Now we will train Q-network for 300 episodes with decaying epsilon greedy action selection. Our buffer will have 20000 memory slots.

import warnings
import random
from tqdm import trange

warnings.simplefilter('ignore')

policy_net = QNetwork(state_dim, action_dim)
target_net = QNetwork(state_dim, action_dim)
target_net.load_state_dict(policy_net.state_dict())
target_net.eval()

inspector.attach(policy_net)
optimizer = torch.optim.AdamW(policy_net.parameters(), lr=1e-3)

buffer = ReplayBuffer(20000)
BATCH_SIZE = 256

gamma = 0.99
eps_start, eps_end, eps_decay = 1.0, 0.05, 1000

steps_done = 0
N_EPISODES = 300
smoothing_factor = 0.2
smoothed_treward = 0
for episode in trange(N_EPISODES):
    state, _ = env.reset()
    state = torch.tensor(state, dtype=torch.float32).unsqueeze(0)
    total_reward = 0

    for t in range(500):
        # Epsilon-greedy action
        eps_threshold = eps_end + (eps_start - eps_end) * np.exp(-1. * steps_done / eps_decay)
        steps_done += 1
        if random.random() < eps_threshold:
            action = torch.tensor([[random.randrange(action_dim)]], dtype=torch.long)
        else:
            with torch.no_grad():
                q_values = policy_net(state)
                action = q_values.argmax(dim=1, keepdim=True)

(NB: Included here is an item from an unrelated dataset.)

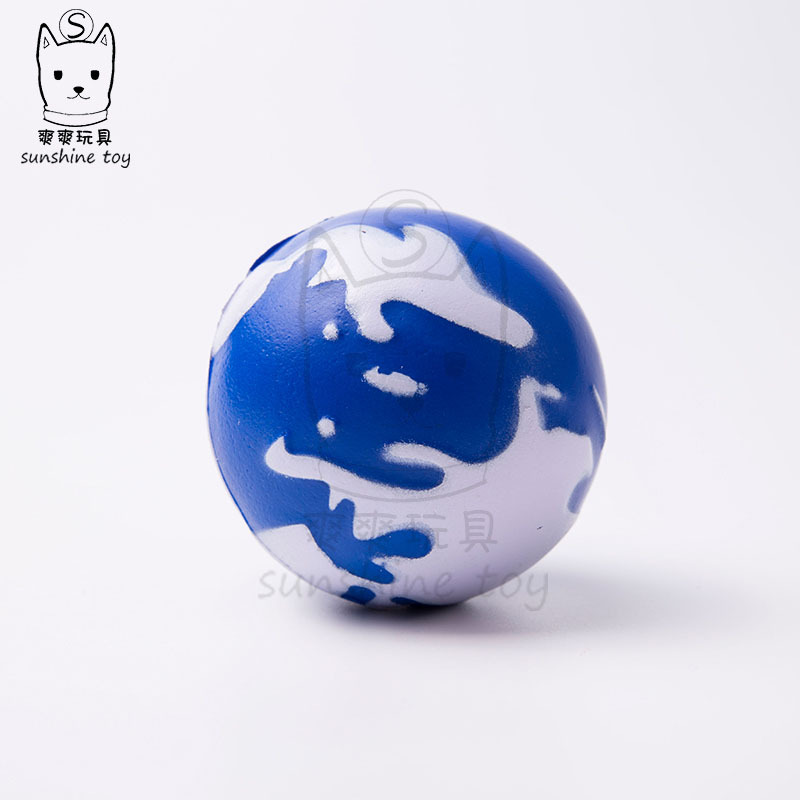 跨境情人节专享 红色爱心压力球 7cm发泡海绵PU桃心血站握力球 印刷logo定制 气球形状压力缓解工具详情39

        # Step environment
        next_state, reward, terminated, truncated, _ = env.step(action.item())
        total_reward += reward
        done = terminated or truncated
        next_state = torch.tensor(next_state, dtype=torch.float32).unsqueeze(0)
        buffer.push(state, action, reward, next_state, done)
        state = next_state

        # Optimize
        if len(buffer) > BATCH_SIZE:
            transitions = buffer.sample(BATCH_SIZE)
            batch = Transition(*transitions)

            non_final_mask = ~torch.tensor(batch.done, dtype=torch.bool)
            non_final_next_states = torch.cat([s for s, d in zip(batch.next_state, batch.done) if not d])

            state_batch = torch.cat(batch.state)
            action_batch = torch.cat(batch.action)
            reward_batch = torch.tensor(batch.reward, dtype=torch.float32)

            q_values = policy_net(state_batch).gather(1, action_batch)

            next_q_values = torch.zeros(BATCH_SIZE)
            with torch.no_grad():
                next_q_values[non_final_mask] = target_net(non_final_next_states).max(1)[0]

            expected_q_values = reward_batch + gamma * next_q_values
            loss = loss_fn(q_values.squeeze(), expected_q_values)

            optimizer.zero_grad()
            loss.backward()
            optimizer.step()
        if done:
            break

    smoothed_treward = (1 - smoothing_factor)* total_reward + smoothing_factor * smoothed_treward
    inspector.push_metric('total_reward', total_reward)
    inspector.push_metric('smoothed_treward', smoothed_treward)
    inspector.tick_epoch()

    # Update target network
    if episode % 5 == 0:
        target_net.load_state_dict(policy_net.state_dict())
fig = inspector.visualizer.show_fig()
100%|███████████████████████████████████████████████████████████████████████████████████████████████████████████████████████████████████████████████████████| 300/300 [03:33<00:00,  1.40it/s]
../../_images/output_11_11.png

We see jagged corners at every fifth episode, when target network was update and neural network needed to learn a new landscape, outputs are domintated by output layer, as it is an estimation of utility function and has the largest values accross network.

What to Look for#

  • Spikes of norms may signal gradient issues.

  • Classification tasks usually lead to values near zero, thus norm will be small, while regression task as a Q-learning should gradually increase or decrease output norms and parameters norms to match target magnitude.

Next Steps#

  • Take a look at other demonstration notebooks and documentation.

  • Experiment with other RL environments and algortithm such as policy-gradient improvment to investigate norm development.